Start to finish, repeat the records exactly.

--*--

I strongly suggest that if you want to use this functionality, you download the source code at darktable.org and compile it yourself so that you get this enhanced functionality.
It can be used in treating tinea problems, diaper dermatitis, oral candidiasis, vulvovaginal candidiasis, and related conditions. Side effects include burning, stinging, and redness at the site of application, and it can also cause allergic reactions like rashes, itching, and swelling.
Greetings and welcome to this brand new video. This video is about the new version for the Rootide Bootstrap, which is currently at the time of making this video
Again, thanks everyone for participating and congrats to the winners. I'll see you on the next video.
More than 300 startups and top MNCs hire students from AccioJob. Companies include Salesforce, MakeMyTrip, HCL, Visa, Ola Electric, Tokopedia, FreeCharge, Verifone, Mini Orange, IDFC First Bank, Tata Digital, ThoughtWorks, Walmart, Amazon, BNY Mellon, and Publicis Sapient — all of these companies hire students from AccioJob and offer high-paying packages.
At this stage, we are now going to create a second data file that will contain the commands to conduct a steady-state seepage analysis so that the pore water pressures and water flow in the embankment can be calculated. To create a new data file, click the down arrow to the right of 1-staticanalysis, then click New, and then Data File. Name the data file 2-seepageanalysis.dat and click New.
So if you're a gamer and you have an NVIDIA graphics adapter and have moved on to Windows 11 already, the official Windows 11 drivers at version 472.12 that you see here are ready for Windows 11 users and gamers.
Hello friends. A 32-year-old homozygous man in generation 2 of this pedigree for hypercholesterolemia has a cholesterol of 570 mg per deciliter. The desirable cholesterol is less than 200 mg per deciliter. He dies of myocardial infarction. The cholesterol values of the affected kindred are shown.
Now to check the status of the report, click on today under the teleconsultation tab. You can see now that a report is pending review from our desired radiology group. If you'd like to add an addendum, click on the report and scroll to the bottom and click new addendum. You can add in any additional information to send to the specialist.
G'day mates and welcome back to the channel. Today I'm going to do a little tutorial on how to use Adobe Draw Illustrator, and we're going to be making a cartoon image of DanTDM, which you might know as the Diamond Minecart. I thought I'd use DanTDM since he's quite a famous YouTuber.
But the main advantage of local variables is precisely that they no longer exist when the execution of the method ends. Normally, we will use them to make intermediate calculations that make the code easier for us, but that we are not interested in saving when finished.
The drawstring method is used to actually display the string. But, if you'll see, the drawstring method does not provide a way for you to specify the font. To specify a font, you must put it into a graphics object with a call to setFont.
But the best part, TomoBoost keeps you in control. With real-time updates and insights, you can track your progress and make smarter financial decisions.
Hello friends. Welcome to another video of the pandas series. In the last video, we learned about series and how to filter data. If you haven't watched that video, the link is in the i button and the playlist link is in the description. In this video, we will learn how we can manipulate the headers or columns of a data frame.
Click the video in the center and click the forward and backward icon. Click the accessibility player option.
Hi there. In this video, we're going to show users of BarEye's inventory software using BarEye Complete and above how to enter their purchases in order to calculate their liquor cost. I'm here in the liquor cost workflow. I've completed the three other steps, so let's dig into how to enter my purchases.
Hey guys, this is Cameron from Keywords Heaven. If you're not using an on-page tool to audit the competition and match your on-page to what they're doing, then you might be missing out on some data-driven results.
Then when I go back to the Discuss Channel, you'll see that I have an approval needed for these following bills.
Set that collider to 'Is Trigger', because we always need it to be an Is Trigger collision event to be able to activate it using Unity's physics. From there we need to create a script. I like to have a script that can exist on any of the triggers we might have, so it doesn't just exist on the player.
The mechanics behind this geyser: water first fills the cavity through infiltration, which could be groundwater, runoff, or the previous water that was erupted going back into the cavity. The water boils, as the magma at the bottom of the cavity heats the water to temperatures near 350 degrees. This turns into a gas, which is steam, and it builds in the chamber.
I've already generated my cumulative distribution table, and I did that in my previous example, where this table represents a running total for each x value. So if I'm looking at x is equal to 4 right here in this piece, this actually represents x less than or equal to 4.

--*--

> **SOLUTION**
I strongly suggest that if you want to use this functionality, you download the source code at darktable.org and compile it yourself so that you get this enhanced functionality.
It can be used in treating tinea problems, diaper dermatitis, oral candidiasis, vulvovaginal candidiasis, and related conditions. Side effects include burning, stinging, and redness at the site of application, and it can also cause allergic reactions like rashes, itching, and swelling.
Greetings and welcome to this brand new video. This video is about the new version for the Rootide Bootstrap, which is currently at the time of making this video
Again, thanks everyone for participating and congrats to the winners. I'll see you on the next video.
More than 300 startups and top MNCs hire students from AccioJob. Companies include Salesforce, MakeMyTrip, HCL, Visa, Ola Electric, Tokopedia, FreeCharge, Verifone, Mini Orange, IDFC First Bank, Tata Digital, ThoughtWorks, Walmart, Amazon, BNY Mellon, and Publicis Sapient — all of these companies hire students from AccioJob and offer high-paying packages.
At this stage, we are now going to create a second data file that will contain the commands to conduct a steady-state seepage analysis so that the pore water pressures and water flow in the embankment can be calculated. To create a new data file, click the down arrow to the right of 1-staticanalysis, then click New, and then Data File. Name the data file 2-seepageanalysis.dat and click New.
So if you're a gamer and you have an NVIDIA graphics adapter and have moved on to Windows 11 already, the official Windows 11 drivers at version 472.12 that you see here are ready for Windows 11 users and gamers.
Hello friends. A 32-year-old homozygous man in generation 2 of this pedigree for hypercholesterolemia has a cholesterol of 570 mg per deciliter. The desirable cholesterol is less than 200 mg per deciliter. He dies of myocardial infarction. The cholesterol values of the affected kindred are shown.
Now to check the status of the report, click on today under the teleconsultation tab. You can see now that a report is pending review from our desired radiology group. If you'd like to add an addendum, click on the report and scroll to the bottom and click new addendum. You can add in any additional information to send to the specialist.
G'day mates and welcome back to the channel. Today I'm going to do a little tutorial on how to use Adobe Draw Illustrator, and we're going to be making a cartoon image of DanTDM, which you might know as the Diamond Minecart. I thought I'd use DanTDM since he's quite a famous YouTuber.
But the main advantage of local variables is precisely that they no longer exist when the execution of the method ends. Normally, we will use them to make intermediate calculations that make the code easier for us, but that we are not interested in saving when finished.
The drawstring method is used to actually display the string. But, if you'll see, the drawstring method does not provide a way for you to specify the font. To specify a font, you must put it into a graphics object with a call to setFont.
But the best part, TomoBoost keeps you in control. With real-time updates and insights, you can track your progress and make smarter financial decisions.
Hello friends. Welcome to another video of the pandas series. In the last video, we learned about series and how to filter data. If you haven't watched that video, the link is in the i button and the playlist link is in the description. In this video, we will learn how we can manipulate the headers or columns of a data frame.
Click the video in the center and click the forward and backward icon. Click the accessibility player option.
Hi there. In this video, we're going to show users of BarEye's inventory software using BarEye Complete and above how to enter their purchases in order to calculate their liquor cost. I'm here in the liquor cost workflow. I've completed the three other steps, so let's dig into how to enter my purchases.
Hey guys, this is Cameron from Keywords Heaven. If you're not using an on-page tool to audit the competition and match your on-page to what they're doing, then you might be missing out on some data-driven results.
Then when I go back to the Discuss Channel, you'll see that I have an approval needed for these following bills.
Set that collider to 'Is Trigger', because we always need it to be an Is Trigger collision event to be able to activate it using Unity's physics. From there we need to create a script. I like to have a script that can exist on any of the triggers we might have, so it doesn't just exist on the player.
The mechanics behind this geyser: water first fills the cavity through infiltration, which could be groundwater, runoff, or the previous water that was erupted going back into the cavity. The water boils, as the magma at the bottom of the cavity heats the water to temperatures near 350 degrees. This turns into a gas, which is steam, and it builds in the chamber.
I've already generated my cumulative distribution table, and I did that in my previous example, where this table represents a running total for each x value. So if I'm looking at x is equal to 4 right here in this piece, this actually represents x less than or equal to 4.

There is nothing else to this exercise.